投機に失敗した三郎助は、ナカに葉山に連れ戻されたが、はじめ、ヨードの仕事にはさして関心を示さなかった。しかし、早朝から日暮れまで母や妻が真っ黒になって働く姿を眼にして、さすがに少しずつ心が動いたようである。
第一号のグルタミン酸
一方、東京帝国大学教授、池田菊苗博士が、湯豆腐のダシ用昆布のうまみの正体を探ろうと思い立ったのは、三郎助が投機に失敗し葉山に戻ってから10余年たった頃である。博士は、甘・酸・鹹・苦味の他に独立した味が存在すると考えた。やがて、その正体がグルタミン酸であることを突き止め、その製造法を発明して特許出願した。そして1908年2月、昆布の研究をしている博士がいることを伝え聞いた三郎助は、紹介状を手にして博士の研究室を訪れたのである。しかし、博士の研究は昆布とは言っても、ヨードとは関係のないうまみについてであった。

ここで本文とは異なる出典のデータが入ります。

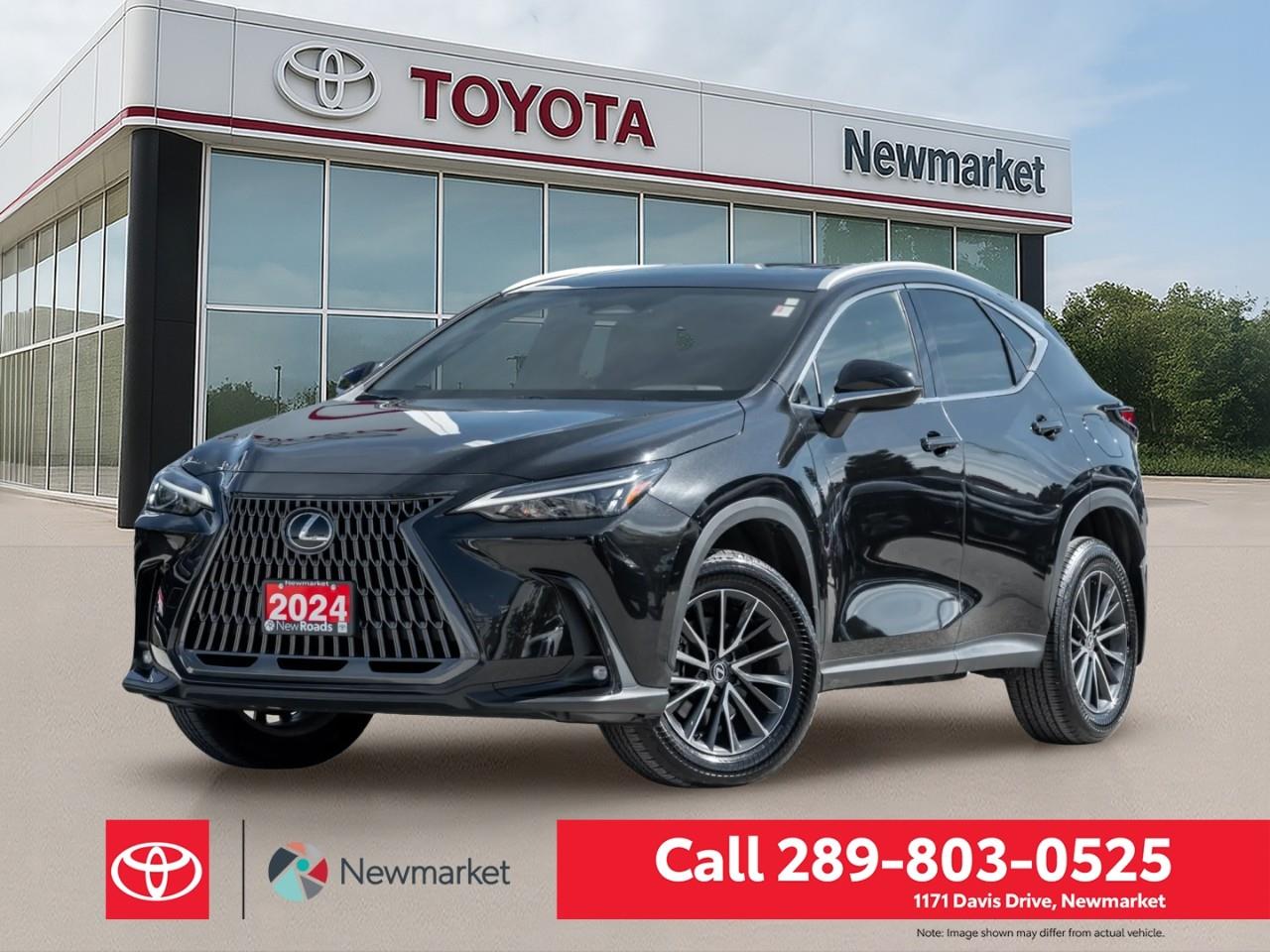 2024 Lexus NX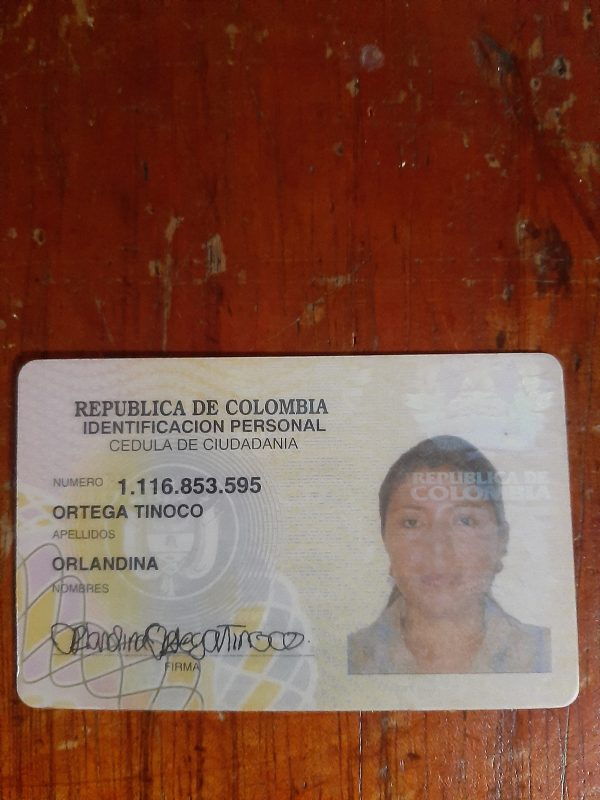 IMSALUD
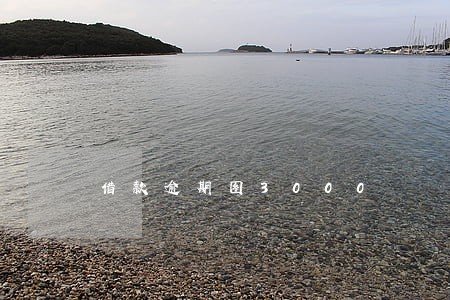 借款逾期图3000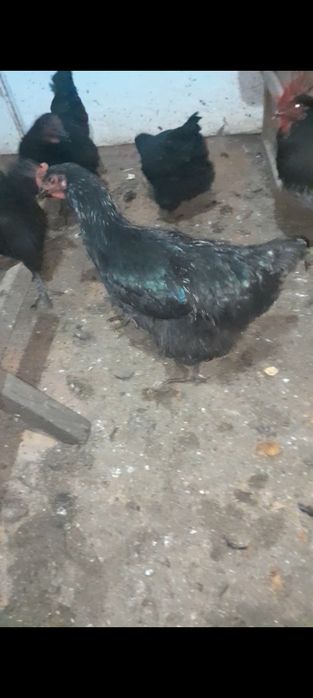 Продам петушков и курицу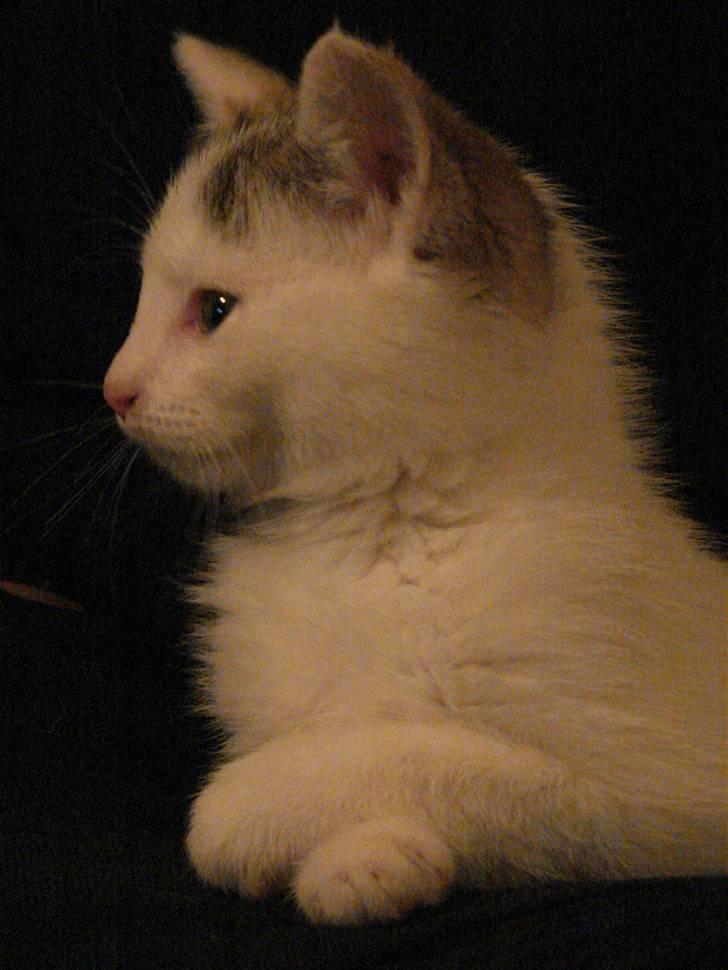 Blanding af racer Feline - tidligere kat.  billede 2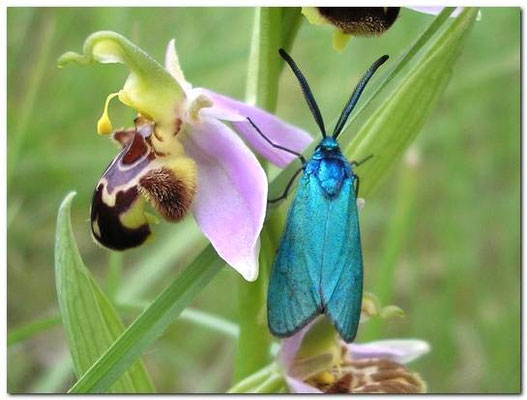 turquoise posée sur un orphrys apifera [adscita statices] photo©A-M Uyttenbroeck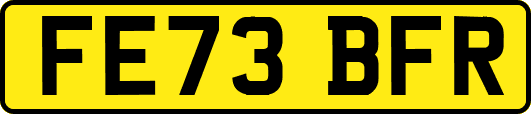 FE73BFR
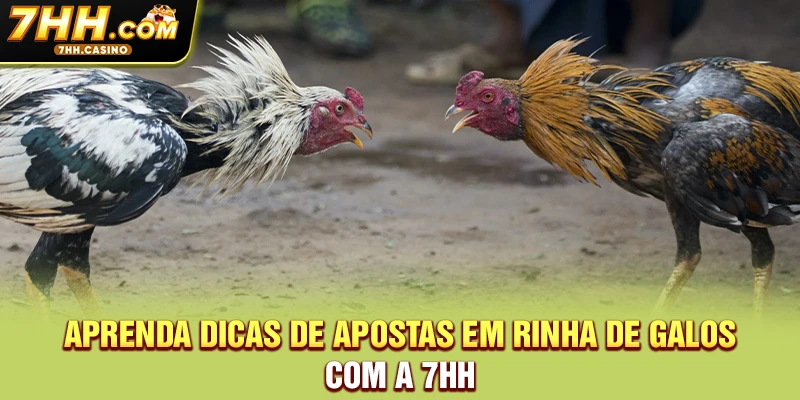 Aprenda Dicas de apostas em rinha de galos com a 7HH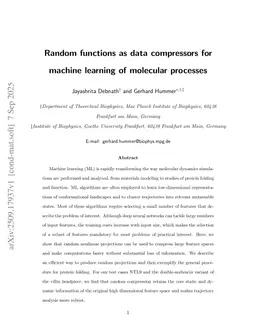 Random functions as data compressors for machine learning of molecular processes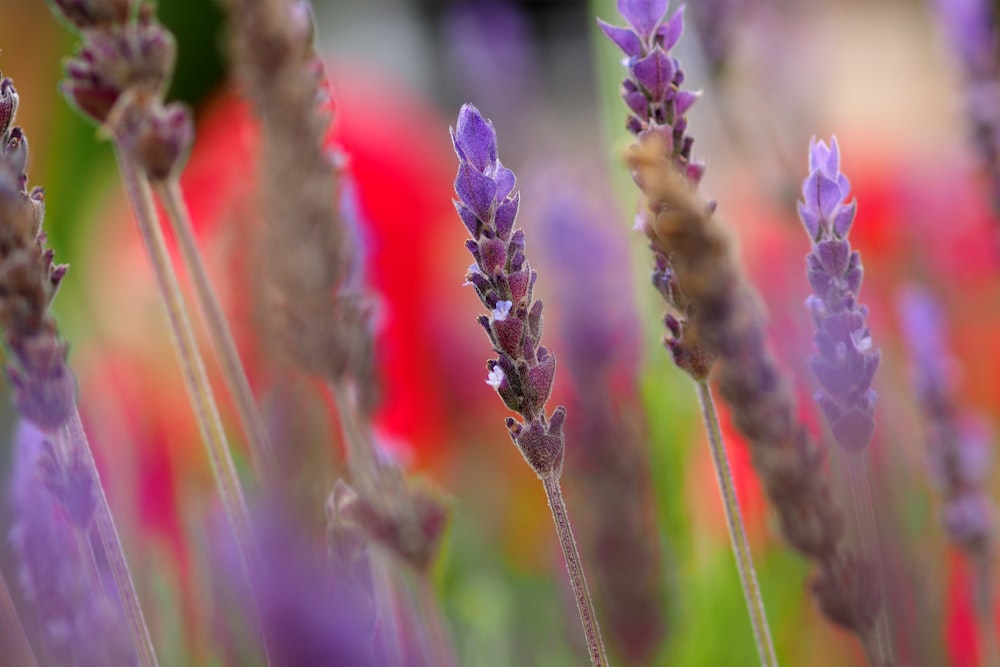 fleur violette dans l’objectif macro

湯のみに少量の粉末を入れてお湯を注いだ飲物は「なるほど味はよいが、お湯を注ぐとシュウと泡立ったので実用としてはいかがなものか」と感じた程度。三郎助は早々に辞去したが、博士はこの発明品を栄養不良を救済し得る廉価なる新調味料であると確信していた。そこで、これを世に出すべく中央実業界へ事業化を働きかけたが、当時は誰からも相手にされない。そのとき頭をよぎったのが、その年の春に訪ねてきた三郎助のことである。博士は、1908年7月25日、特許が許可されたのを契機に、8月、三郎助に事業化を依頼した。